下班回到家,本想做点自己喜欢的事放松一下。叮,收到通知了。Issue 堆积如山。Pull Request 纷至沓来,试图彻底重构软件,去实现那些根本不在范围内的功能。抱怨、要求。现在还有了聊天群。那些没耐心的人在发火,你还得去安抚他们,进行你自己的“一对一”沟通。现在你还要对一个所谓的“社区”负责。你从未申请过这些,但这些包袱似乎就是现状,对吧?突然之间,开源变成了第二份工作。你精疲力竭。你甚至无法再掌控自己项目的方向,否则你的名声就会被抹黑。

It Doesn’t Have To Be This Way. Some projects are so huge and complicated that it requires a team to manage them. But this the exception, not the rule. Free yourself. Go back to the old ways. Especially if you’re angry about the influx of new people and AI bots stealing your attention. Turn off the issues tracker and the pull requests or deploy a bare git server for releasing your code. Find a small group of people you really know and trust and work with them on projects, or do it completely alone.
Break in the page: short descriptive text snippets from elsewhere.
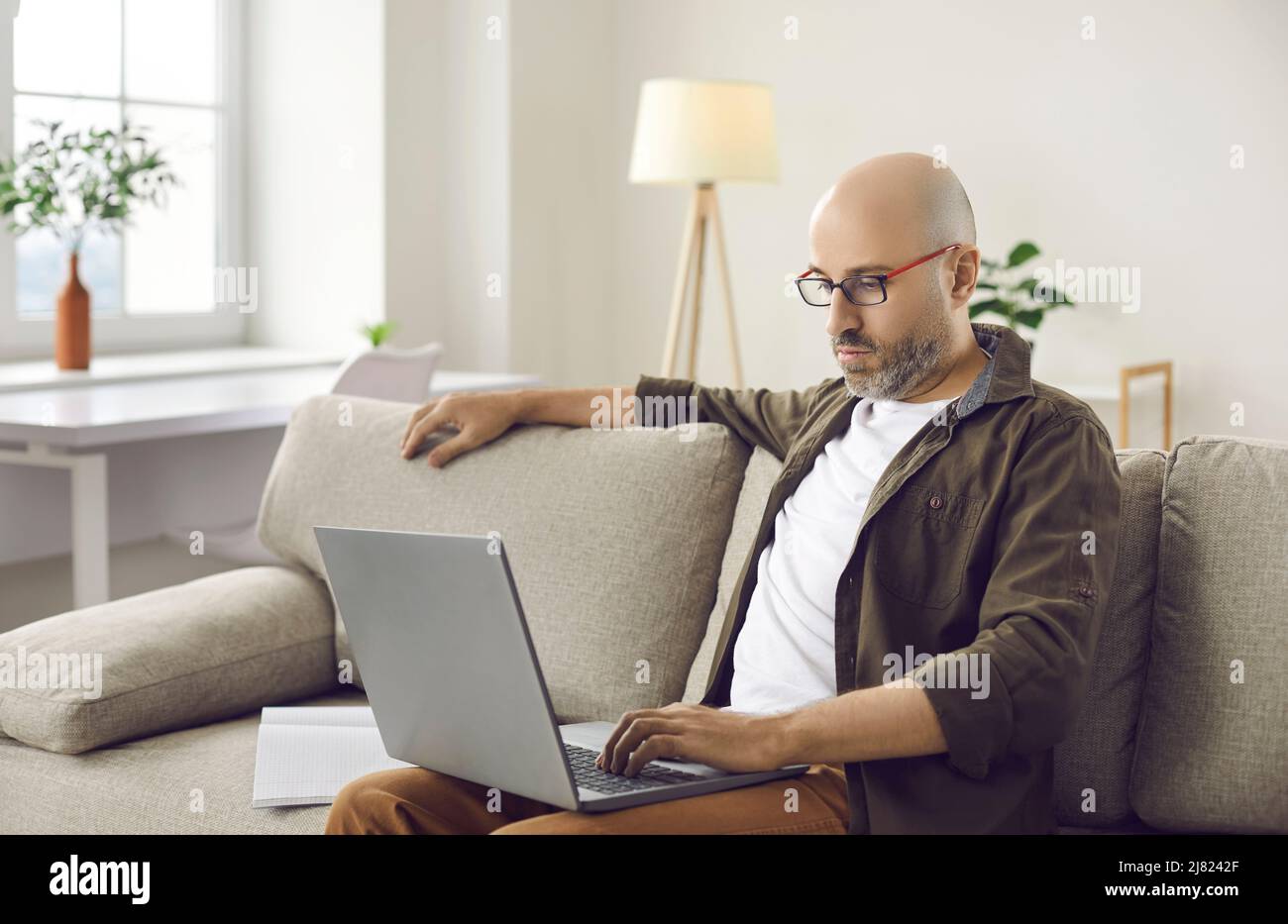 Un homme d'âge moyen travaille en ligne sur un ordinateur à la maison Banque D'Images
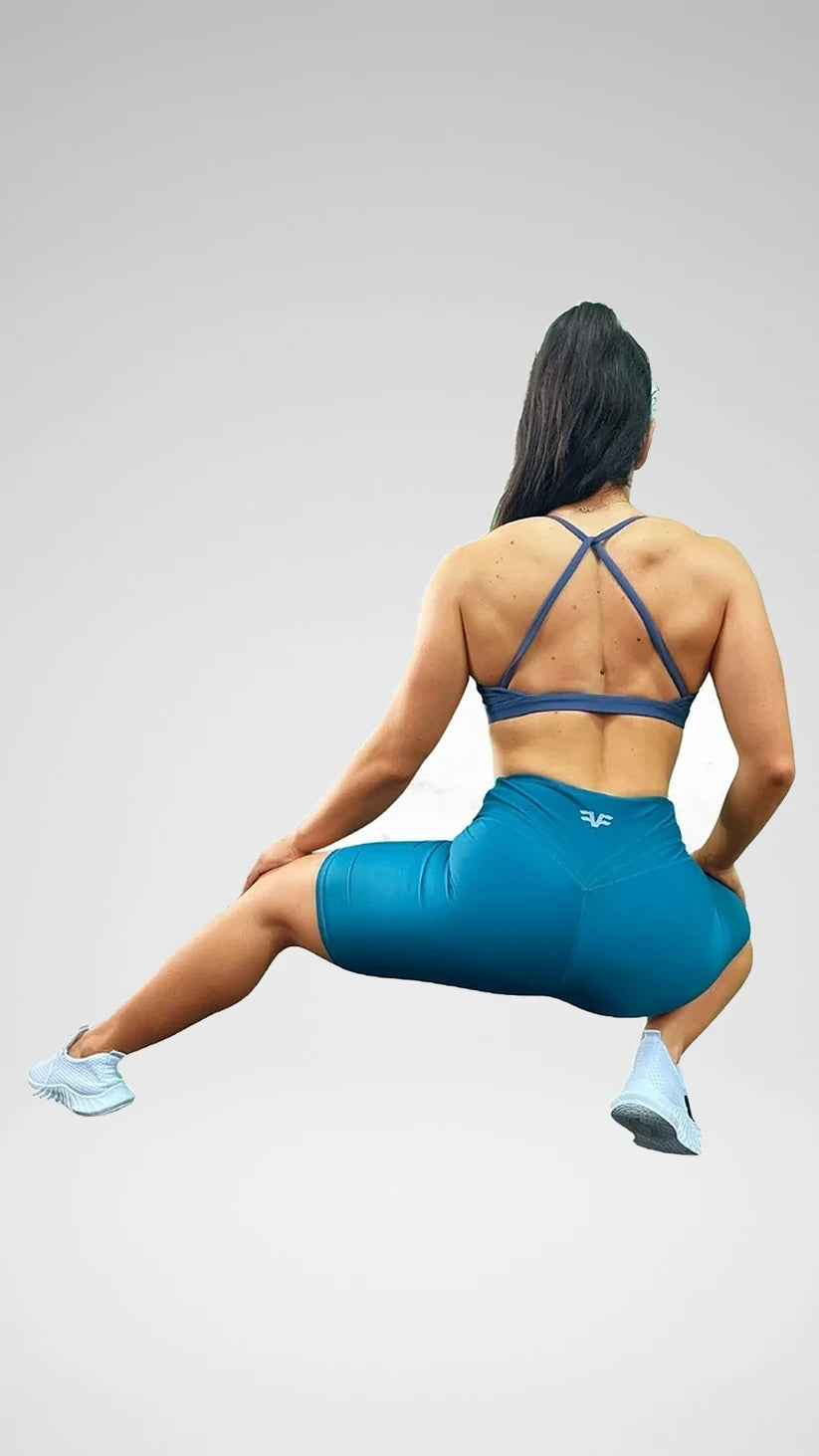 Modella in squat con shorts ciclista verde petrolio Flexivel e top incrociato, vista posteriore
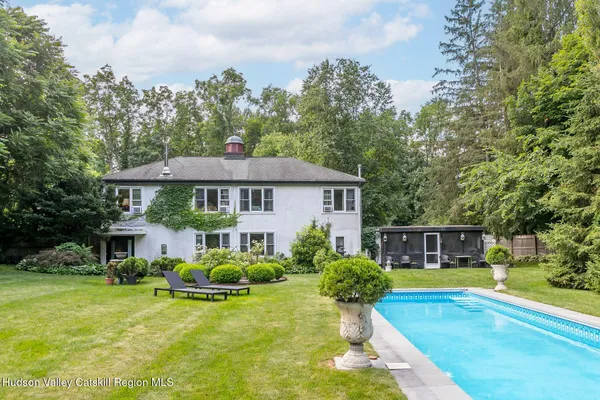 a front view of house with yard and green space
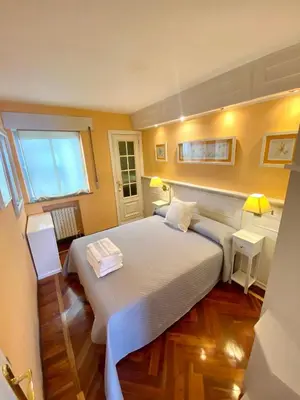 a bedroom with a large bed and a desk at Loft Lugo Centro in Lugo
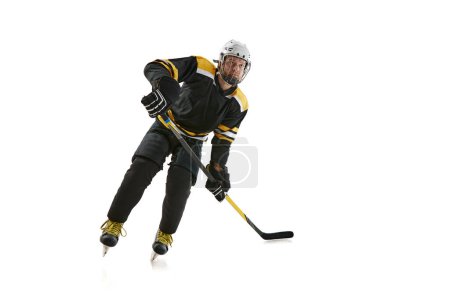 Téléchargez les photos : Jeune homme compétitif, joueur de hockey en uniforme noir, jouant isolé sur fond blanc. Concept de sport professionnel, compétition, jeu, tournoi, mode de vie actif - en image libre de droit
You don’t need to allow strangers to invade your space. You don’t need a performative Code of Conduct or an LLM policy.

事情不必如此。有些项目确实庞大且复杂,需要团队来管理。但这只是例外,而非规则。解放你自己吧。回到过去的方式。特别是如果你对涌入的新人和窃取你注意力的 AI 机器人感到愤怒的话。关掉 Issue 追踪器和 Pull Request,或者部署一个简单的 Git 服务器来发布你的代码。找一小群你真正了解并信任的人一起做项目,或者干脆独自完成。你不需要让陌生人侵入你的空间。你不需要表演性的行为准则或 LLM 使用政策。

Open source doesn’t need to be developed openly for it to be “open source”. Write code. Make things you like. Use any tools you want. Do code drops at 2am on Christmas day. Whatever you do, don’t get tricked into running an operation that’s half tech incubator and half daycare for people whose parents gave them a keyboard and no social skills.

开源并不需要以“开放”的方式开发才能被称为“开源”。写代码,做你喜欢的东西。使用任何你想用的工具。在圣诞节凌晨两点发布代码。无论你做什么,千万别被诱骗去经营一个既像技术孵化器,又像托儿所的组织——专门服务于那些父母只给了他们键盘却没教他们社交技巧的人。